Where Is the One We Seek: Third Week

May 4th, 2014 Posted in writing

It’s common to describe life as a tale, and the gospel for this week is about how we find Jesus remaking stories and hopes.

Two travelers set out from Jerusalem on the first Easter, having seen their hopes and expectations vanish with the death of Jesus. The story of their lives might continue; but, without Jesus, it wouldn’t be the one they’d hoped for. Suddenly a stranger appeared: Jesus, whom they did not recognize. They talked with him about all that had happened in Jerusalem and about how their hopes had been dashed.

But the stranger would not accept their version of what had taken place and what it meant. Through the Scriptures, he opened up a new way of interpreting what they had experienced, letting them see it as a story not of failure and defeat, but of fulfillment and salvation.

The travelers found their hopes reviving until, seated at dinner with their strange companion, they recognized that, in fact, the stranger was Jesus himself. He disappeared from their sight then, but full of joy, they ran back to Jerusalem to tell the news to their friends, finding that they, too, had encountered the risen Christ that very day.

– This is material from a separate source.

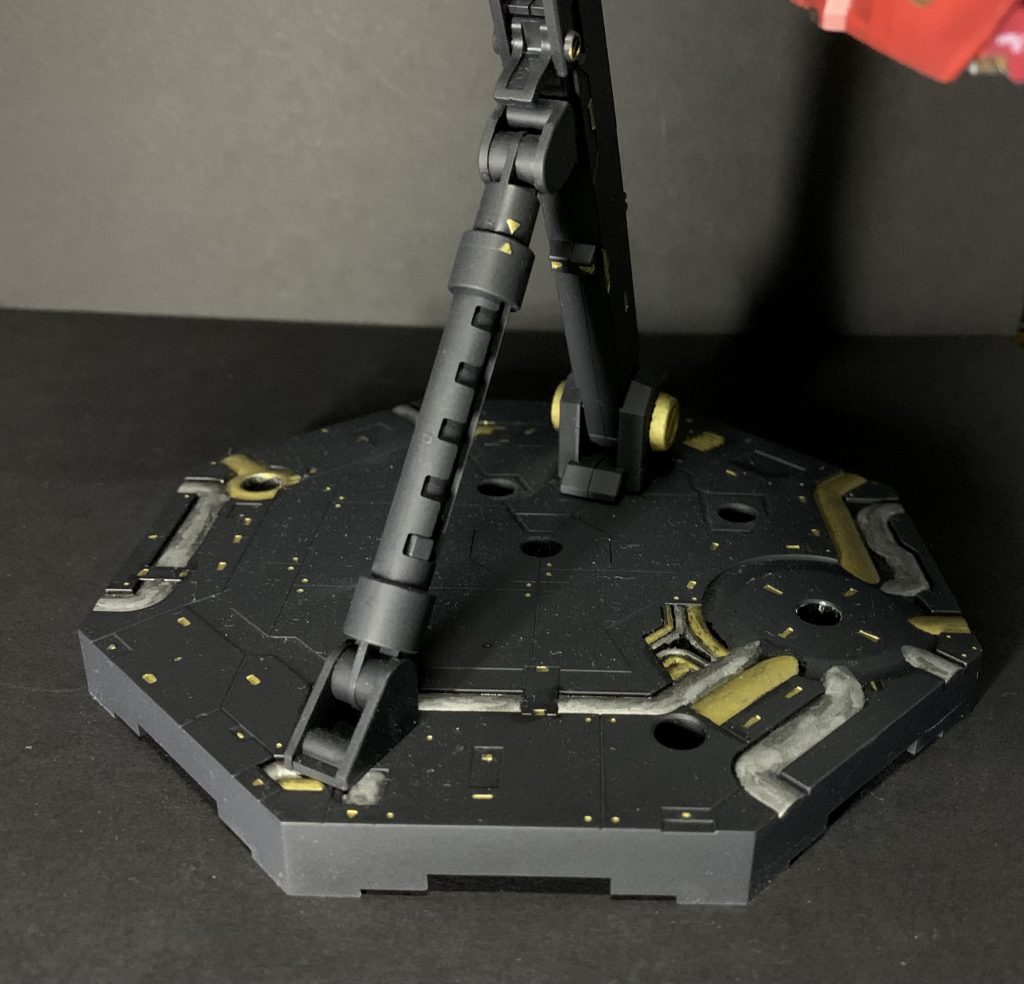 アクションベースも部分塗装を。機体の色味に合わせてガンダムマーカーのゴールド・メタリックシルバー・ガンメタで塗り分け。やはりトップコート吹くと色味がくすんでしまう…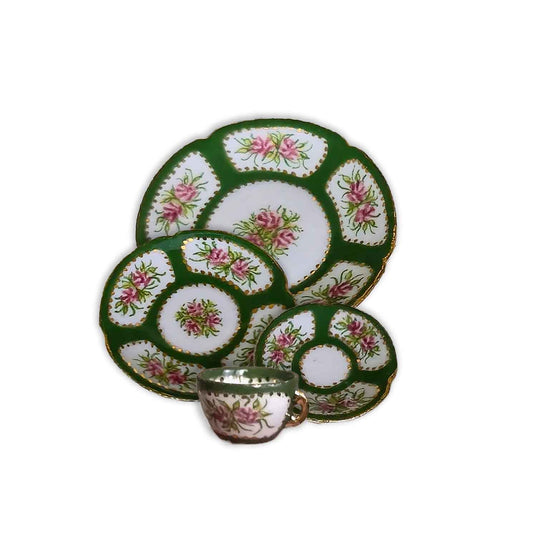 Teresa Welch 2014 Green & Pink Rose 4-Piece Place Setting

What’s the meaning for us? We all have stories or narratives that we use to make sense of how our lives hold together. So, if someone says, “tell me who you are,” we’ll probably find ourselves telling a story of how our lives have played out. And, if we have too often experienced significant disappointments or tragedies, we may describe our life story as one of sadness and loss.

But if that is the case, then just as he did with the two travelers, Jesus sets before us another story to give our lives energy and purpose. It is the story of his own life, death, and rising. It is the story of grace defeating sin, of forgiveness overcoming hatred, of faithfulness being stronger than fear, of God’s aims working themselves out despite appearances to the contrary. He offers us his own story and shares his own life with us so that we may be people of thankfulness and hope — and so that the stories of our lives can, ultimately, be like his: stories of grace and blessing.